### About this task
From the line with "Katalanisch Übersetzer" through the last line of the records below, both ends included, transcribe only those lines, exactly, and omit the pictures.

Dataset items:
+++++
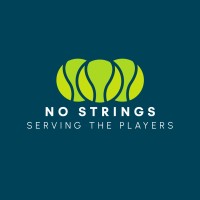 No Strings - Serving the Players LTD logo - Similar company to Express Padel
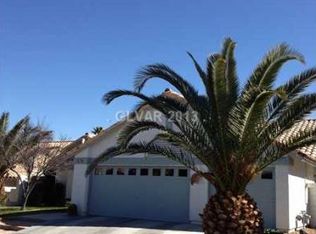 362 Jorge Way, Henderson, NV 89014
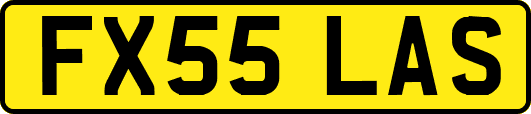 FX55LAS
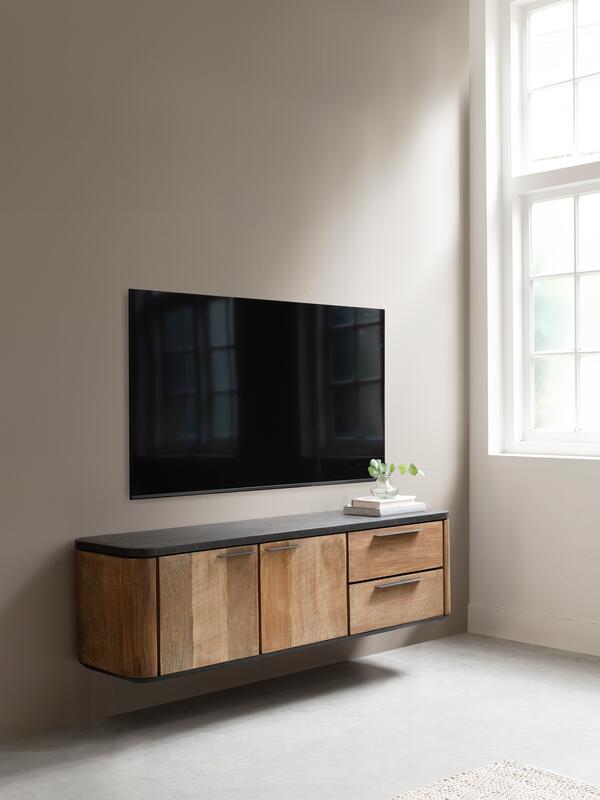 TV-kast hangend Soho S - DTP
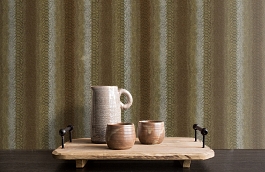 Обои 18091 фото в интерьере коридора превью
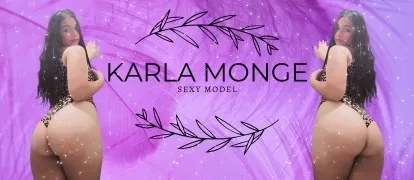 OnlyFans cuenta karmongexxx header 2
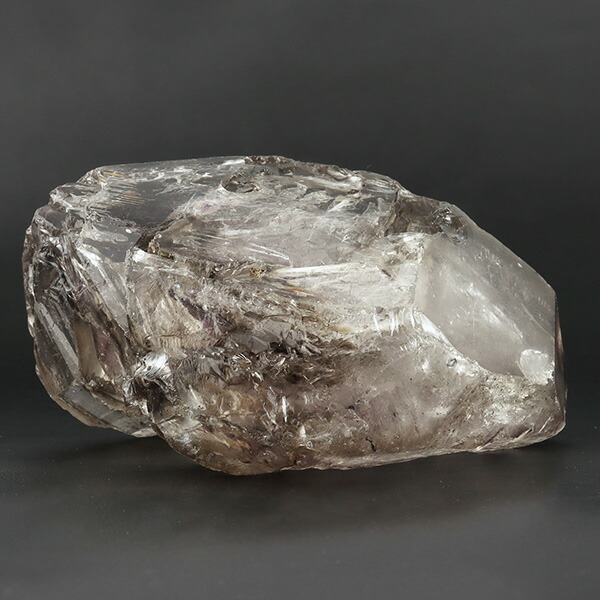 楽天市場】エレスチャル クォーツ 天然水晶 原石 約350g 天然石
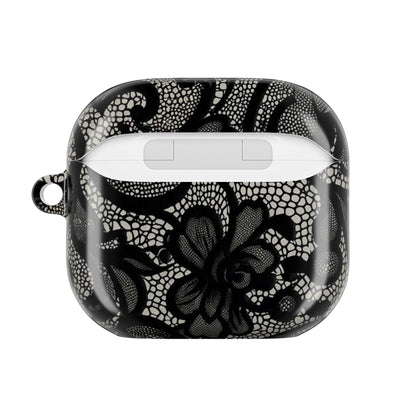 Vintage Lace AirPods Cases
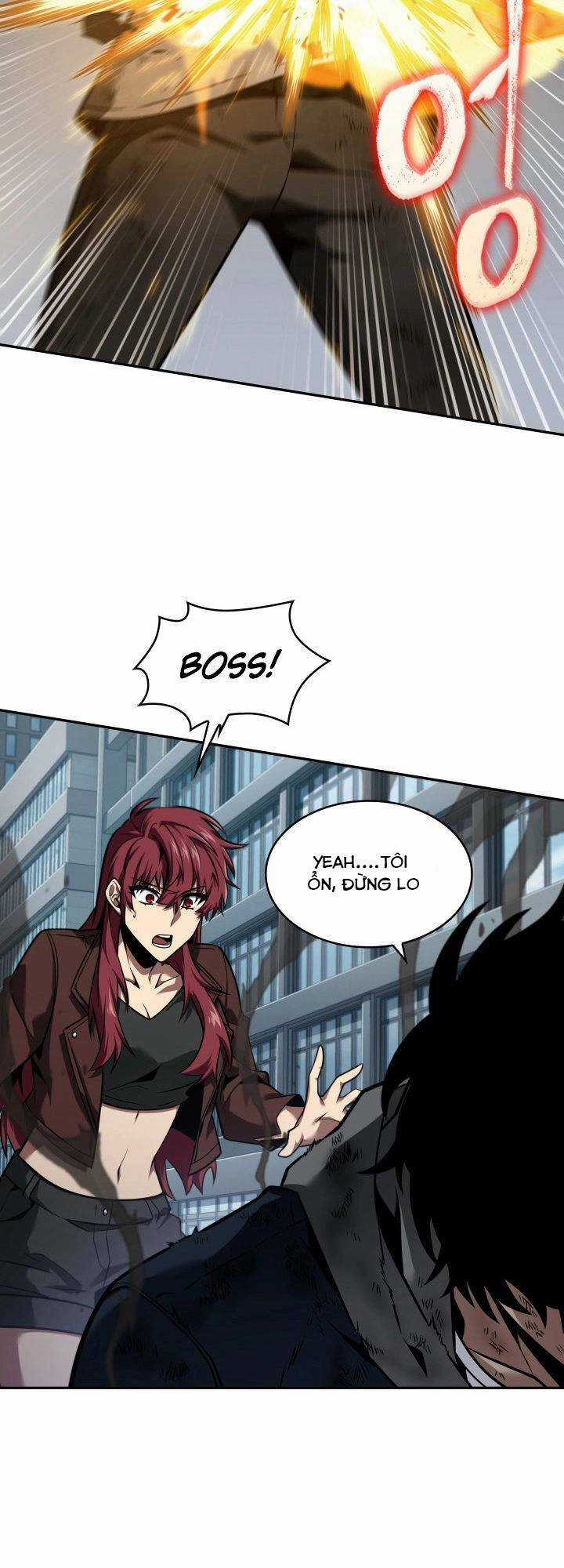 Vua Trộm Mộ - Chapter 338 - Trang 48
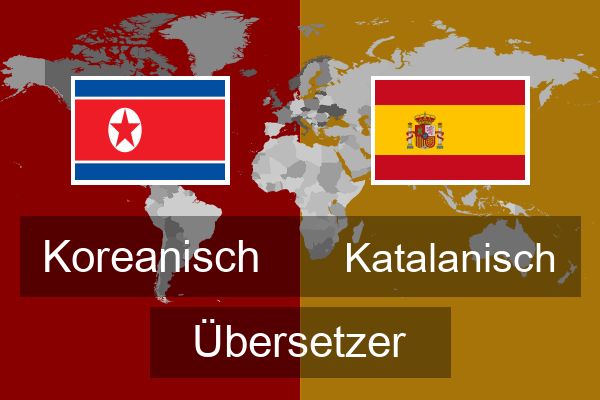  Katalanisch Übersetzer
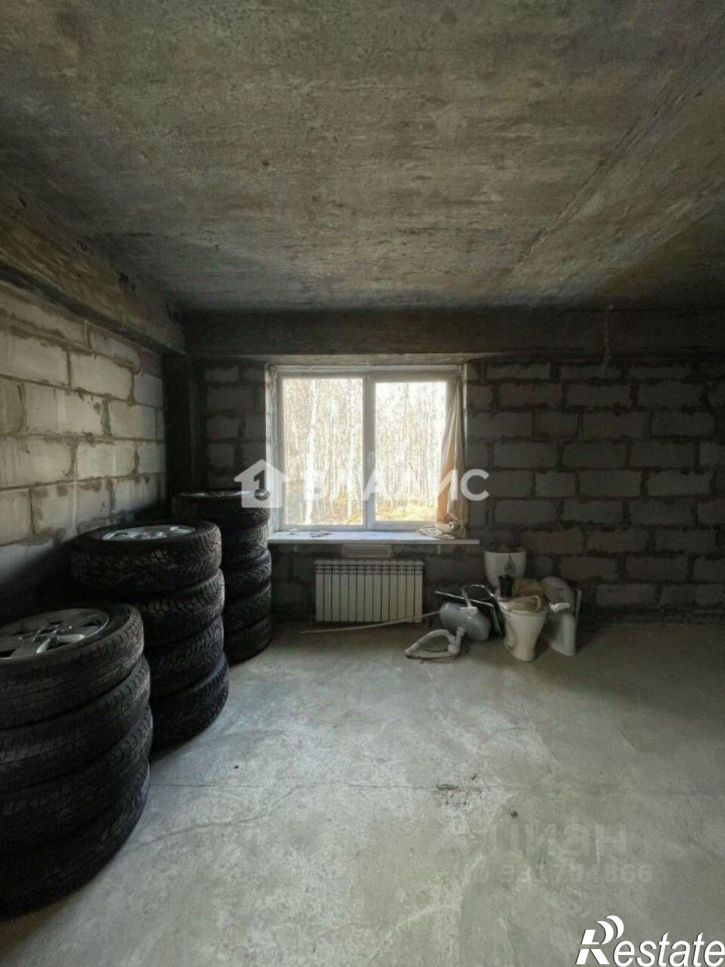 1-комн квартира ул Спецстроевская, 17,  д. 17
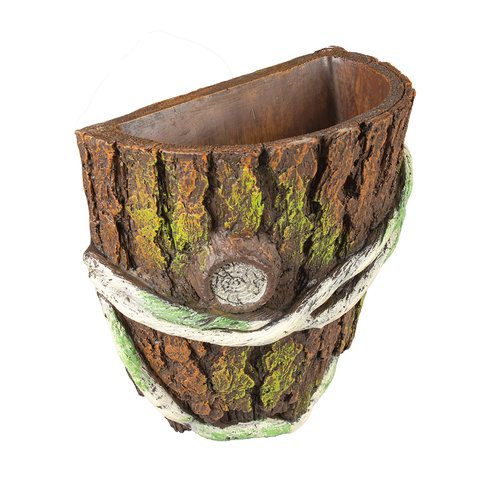 TERRA DELLA Držák rostlin do terária 14,5x13,5x8cm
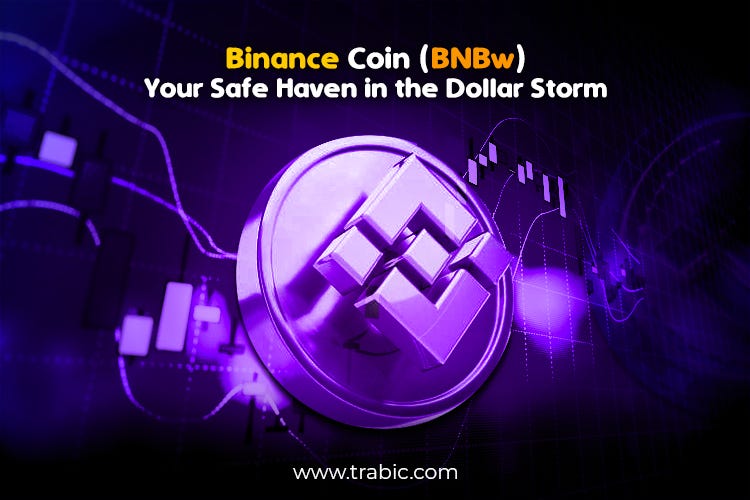 BNB s Bright Future Analyst s Insights Amidst Dollar Uncertainty By bnb-s-bright-future-analyst-s-insights-amidst-dollar-uncertainty-by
+++++
### Answer to the problem
  Katalanisch Übersetzer
 1-комн квартира ул Спецстроевская, 17,  д. 17
 TERRA DELLA Držák rostlin do terária 14,5x13,5x8cm
 BNB s Bright Future Analyst s Insights Amidst Dollar Uncertainty By bnb-s-bright-future-analyst-s-insights-amidst-dollar-uncertainty-by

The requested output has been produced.